China: Detention of artist for Financial Times interview on Tiananmen condemned

The Chinese authorities must end the persecution of people attempting to mark the 25th anniversary of the Tiananmen crackdown, Amnesty International said after a Chinese-born Australian artist who was interviewed by the Financial Times newspaper became the latest person to be detained for giving a media interview on Tiananmen.

Police in Beijing took Guo Jian, 52, away shortly after the publication of an interview in the Financial Times.

Amnesty International China Researcher William Nee, said:

“Guo Jian is the latest victim of the Chinese authorities’ merciless campaign of repression ahead of the Tiananmen anniversary. He, along with the scores of others detained for peacefully speaking out about the bloodshed of 1989, must be immediately released.

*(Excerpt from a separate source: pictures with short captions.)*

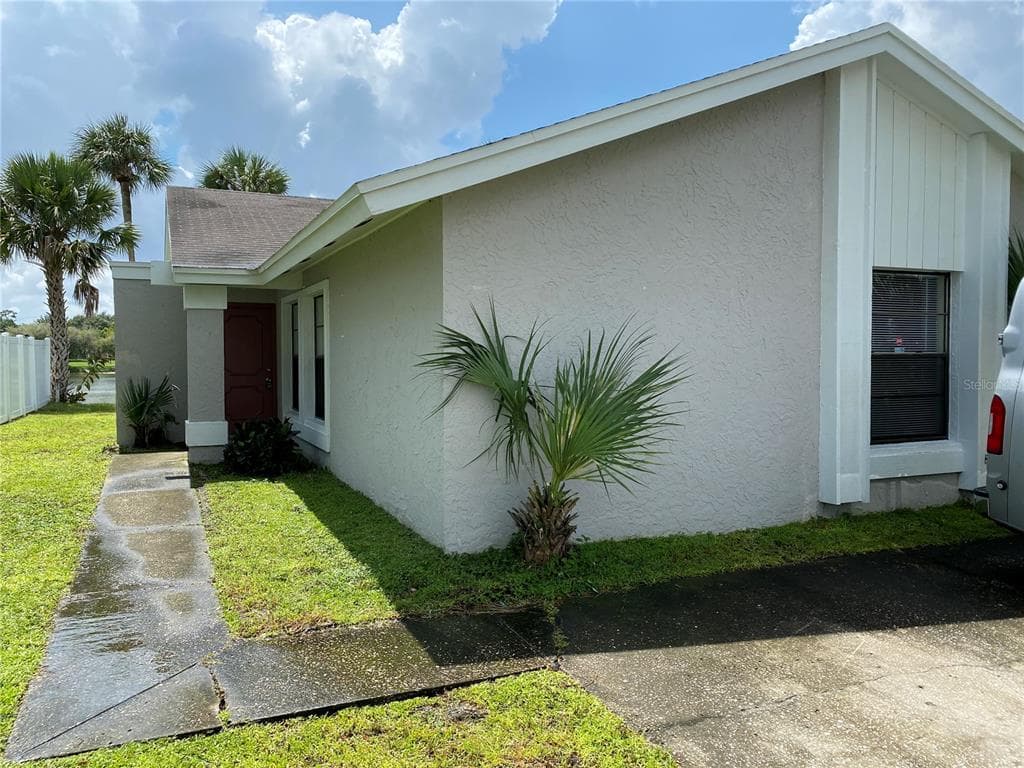 5024 SPRINGWOOD DRIVE TAMPA, FL 33624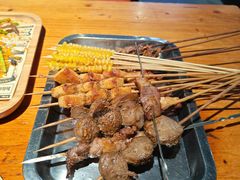 -马路牙子烧烤音乐酒馆(望京店)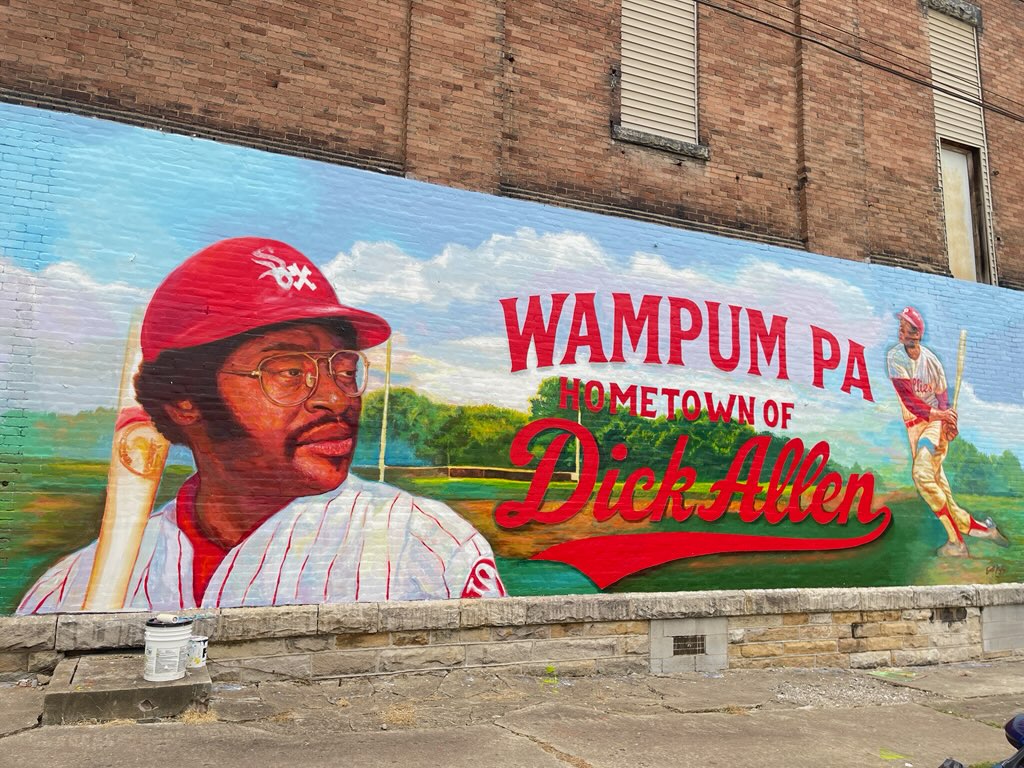 byalexcoffey's tweet image. For years, Dick Allen's hometown of Wampum PA had no signs indicating he'd lived there.
They wanted a new mural of the Phillies slugger. So, people in town donated money, supplies, a hotel room for the artist, and more.
"A small town working together": inquirer.com/phillies/dick-…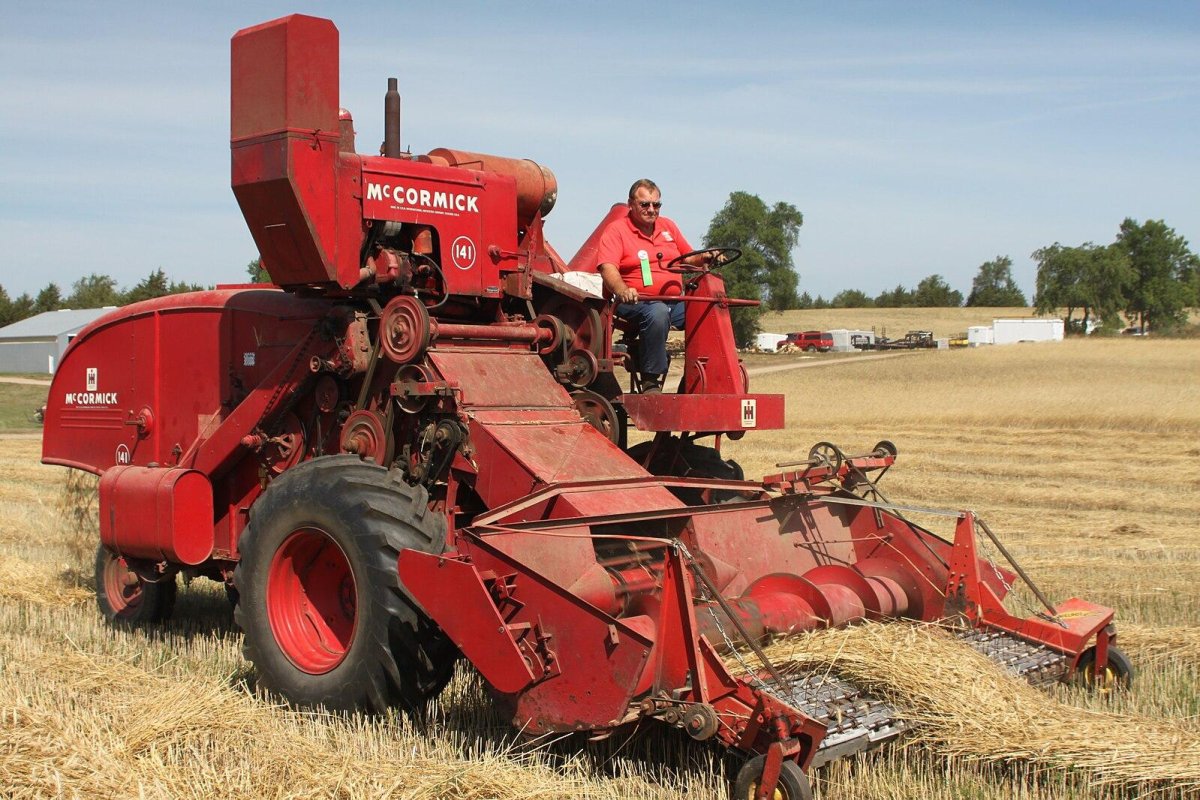 Молотилка самоходная к комбайну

“This current wave of detentions ahead of 4 June is harsher than in recent years.

“The intimidation of journalists and their contacts shows the deplorable lengths the authorities are prepared to go in their efforts to wipe the bloodshed of 1989 from memory.

“However, the world remembers. People will continue to mark the anniversary despite the authorities’ efforts.”

Amnesty has received numerous reports of activists being warned by police not to speak to foreign media ahead of this coming Wednesday, 4 June, while foreign journalists and their local staff have noted an increase in harassment in recent weeks.

Scores of activists have been detained, or placed under house arrest or questioned by police in recent weeks for attempting to commemorate the victims of the Tiananmen crackdown in June 1989, when hundreds - if not thousands - of unarmed protesters and civilians were killed or injured.

Meanwhile in London an event organised by Amnesty, ‘Reclaiming Tiananmen’, which takes place tomorrow has been the subject of an apparent sabotage campaign. Phantom mass-bookings have been attempted so that the event appears sold out, presumably by someone supportive of the Chinese government’s repressive aims.

Remembrance event in London this week

On Wednesday at 11am, 25 survivors and other dissidents related to Tiananmen will go to the Chinese embassy in London, dressed in black, with Amnesty International UK Director Kate Allen, where they will lay red and white roses in an act of defiance against the Chinese government and of remembrance for those who died.

Because the steps of the embassy are officially Chinese territory, the flower-laying is a direct act of defiance of the Chinese government’s ban on commemorating the crackdown.